The introduction of sovereign money may also unlock opportunities to support each other in unique ways. For instance, community tokens within a cooperative community could not only help resource collective labor, but it could also help support other initiatives and ideas like solidarity exchanges, community financing, lending circles-- all consistent with a grassroots DIY ethos and economic justice lens. There's enormous power in the ability to creatively leverage a community-owned asset to meet the needs of members.

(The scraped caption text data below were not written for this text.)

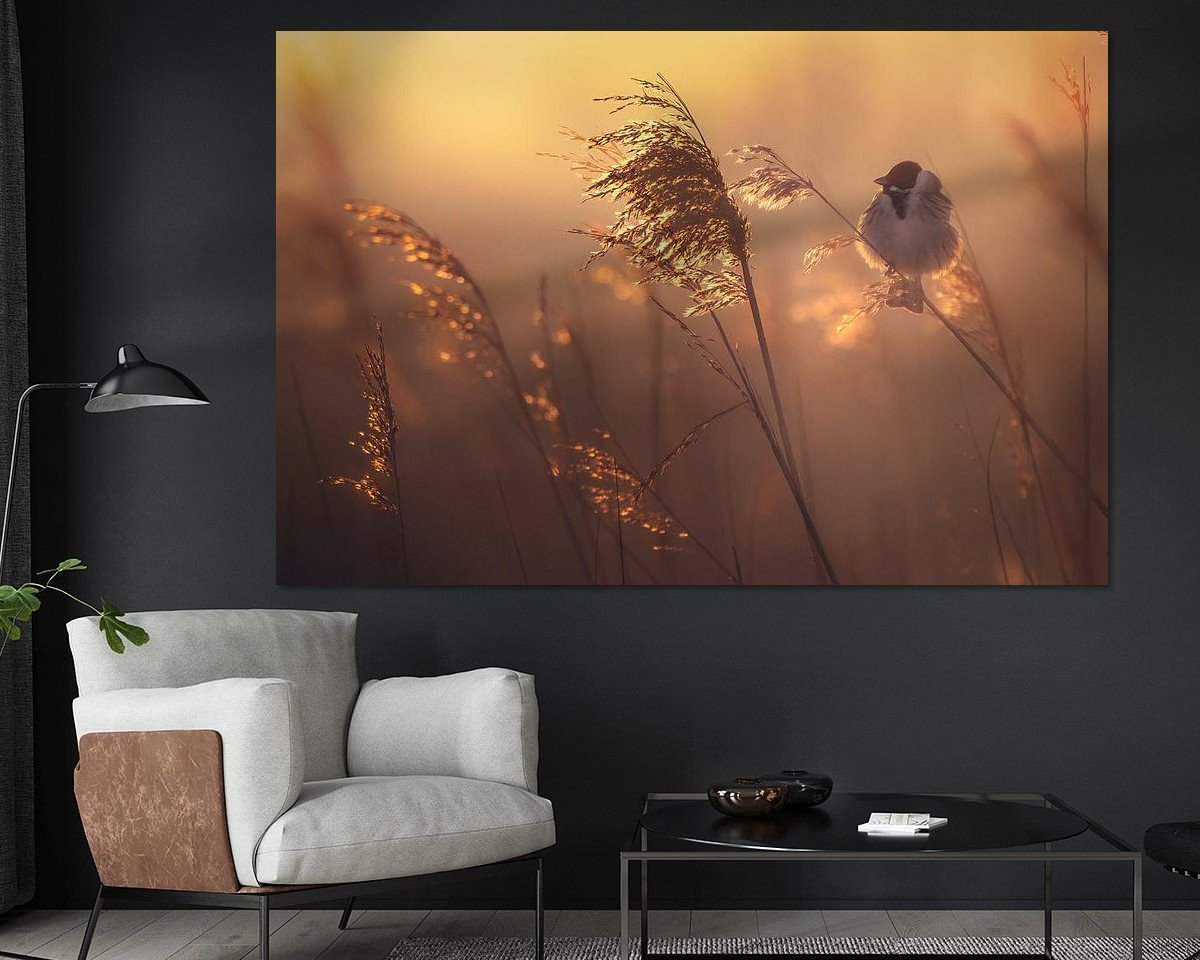 Voorbeeld van het werk in een kamer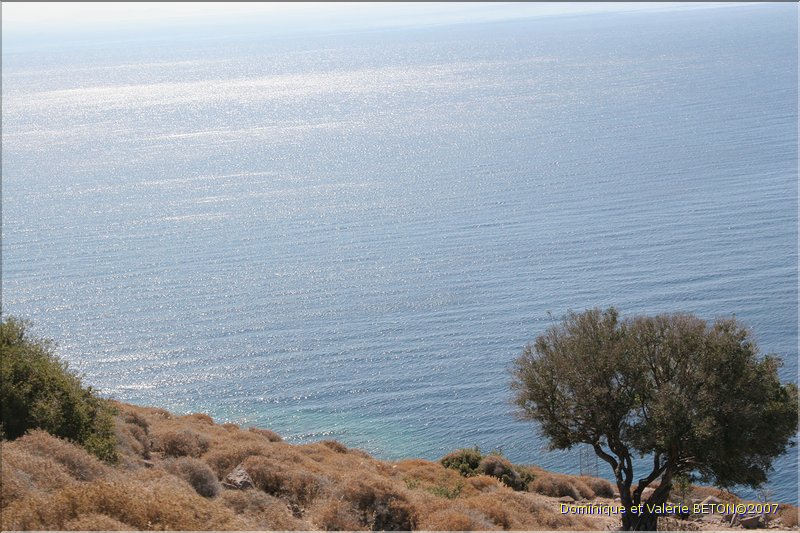 TR2007_1218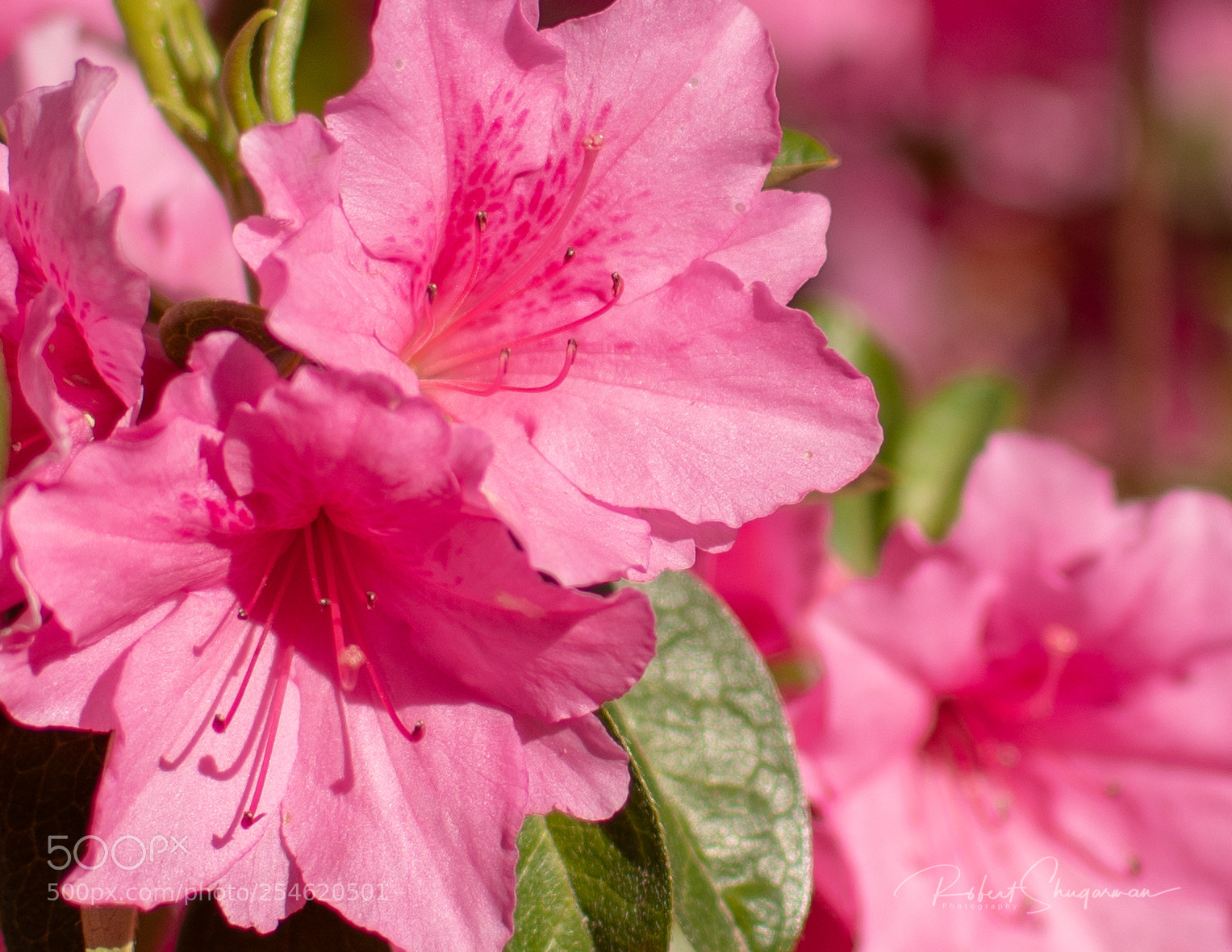 Nikon D850 sample photo. Pink azalea photography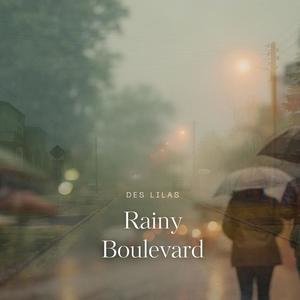 Rainy Boulevard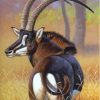 Sable Antelope Animal Paint By Numbers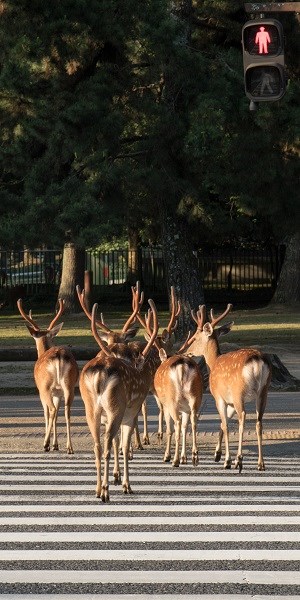 Yoko Ishii; Deer Crossing, Nara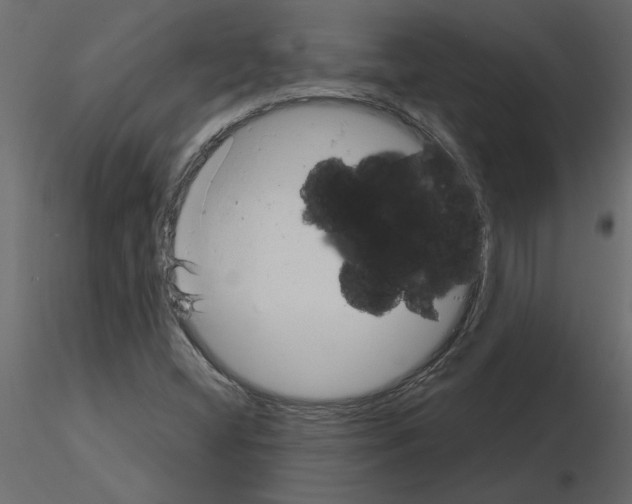 X0000115681404200912241431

Diagram illustrating facets of the solidarity economy. Image via https://art.coop/
Although we often perceive tokens in capitalist or financialized contexts, there is plenty of design space to image them outside of these boundaries. To many in the cooperative community, crypto is culturally synonymous with capitalist speculation or an extension of Silicon Valley libertarianism. However, this doesn't have to be the case. The logic models of community tokens can be conceptually aligned with cooperative economics.
The Path Forward
I believe that community tokens have the potential to become a new roadmap for launching cooperative businesses, allowing communities to capture the value they create and shift emphasis from financial capital to community and labor capital. Although many of the recent narratives and headlines in the crypto space have focused on auction prices and financial speculation, if the cooperative community can start to embrace community tokens it may be a real way for us to build systems of regenerative value, remove reliance on traditional investors, and resource our own networks and platforms with even greater autonomy. Ultimately, the goal is to create more user-owned platforms, not investor-owned platforms. I think community tokens, in combination with the cooperative model, could be a promising path forward.